2. An email administrator sets up a new mail server at IP 198.51.100.25 and creates an A record: `mail.example.com A 198.51.100.25`, and an MX record: `example.com MX 10 mail.example.com.` However, outgoing email from this server is being rejected by many receiving servers with "550 Host not found." What critical DNS record is missing?

A. A CNAME for mail.example.com pointing to the IP address B. A TXT record containing the SPF policy C. An additional MX record with a different priority for redundancy D. A PTR record mapping 198.51.100.25 back to mail.example.com — receiving mail servers perform reverse DNS lookups on connecting IPs; a missing PTR causes rejection as spam or fraud

Correct answer is D. The PTR record (reverse DNS) is the missing element. When Gmail, Outlook, or another receiving mail server gets an SMTP connection from 198.51.100.25, it performs a reverse DNS lookup (PTR query). If no PTR record exists — or the PTR hostname doesn't forward- resolve back to the same IP (FCrDNS) — the receiving server treats it as suspicious and rejects the connection. The PTR record for 198.51.100.25 must be created by the owner of the IP block (the ISP or hosting provider), not the domain owner. The domain owner must request: PTR for 198.51.100.25 → mail.example.com. Verify with: dig -x 198.51.100.25.
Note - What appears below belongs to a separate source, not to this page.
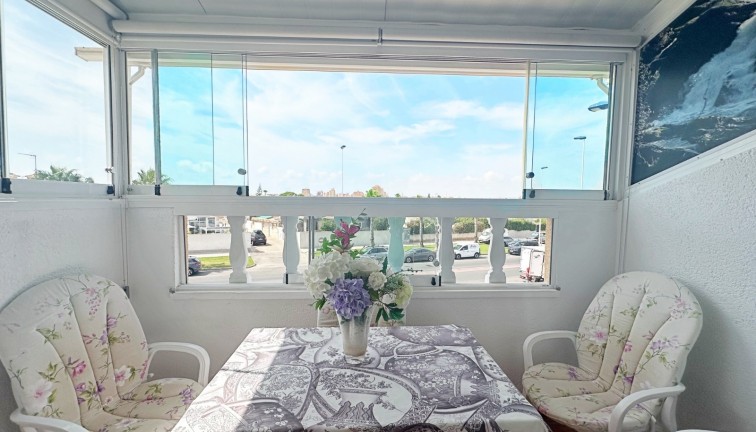 Återförsäljning - Bungalow - Torrevieja - Aguas Nuevas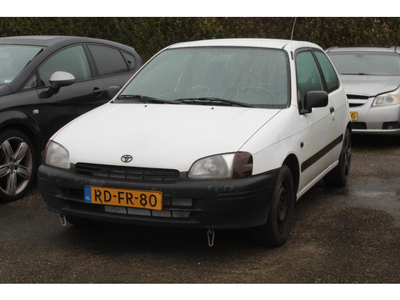 Toyota Starlet 1.3-16V APK tot 12-5-2024 Stuurbekrachtiging/2x LM velgen/Radio-CD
3. A DNS zone's SOA record has a serial number of 2024031501. The zone administrator makes multiple record changes (adds 3 A records, modifies 1 MX record, and deletes 1 TXT record) but forgets to increment the serial. Secondary nameservers were last synced at serial 2024031501. What happens when the secondary checks for updates?

A. The secondary detects the content changes and performs a zone transfer automatically B. The secondary immediately flags an error and sends an alert C. The secondary compares serials — primary = 2024031501, secondary = 2024031501 — no update needed, zone transfer skipped; the secondary continues serving stale data D. The secondary's Refresh timer resets and it waits the full Refresh interval before checking again

Correct answer is C. Secondary nameservers determine whether to perform a zone transfer solely by comparing serial numbers. If the primary's serial equals the secondary's serial, the secondary concludes there are no changes and skips the zone transfer. The secondary continues serving its cached (now stale) version of the zone. The actual record changes are invisible to the secondary until the serial is incremented. This is why incrementing the SOA serial on every zone change is a mandatory operational requirement. The conventional format YYYYMMDDNN (e.g., 2024031502 for the second change on March 15, 2024) makes it easy to track when changes were made.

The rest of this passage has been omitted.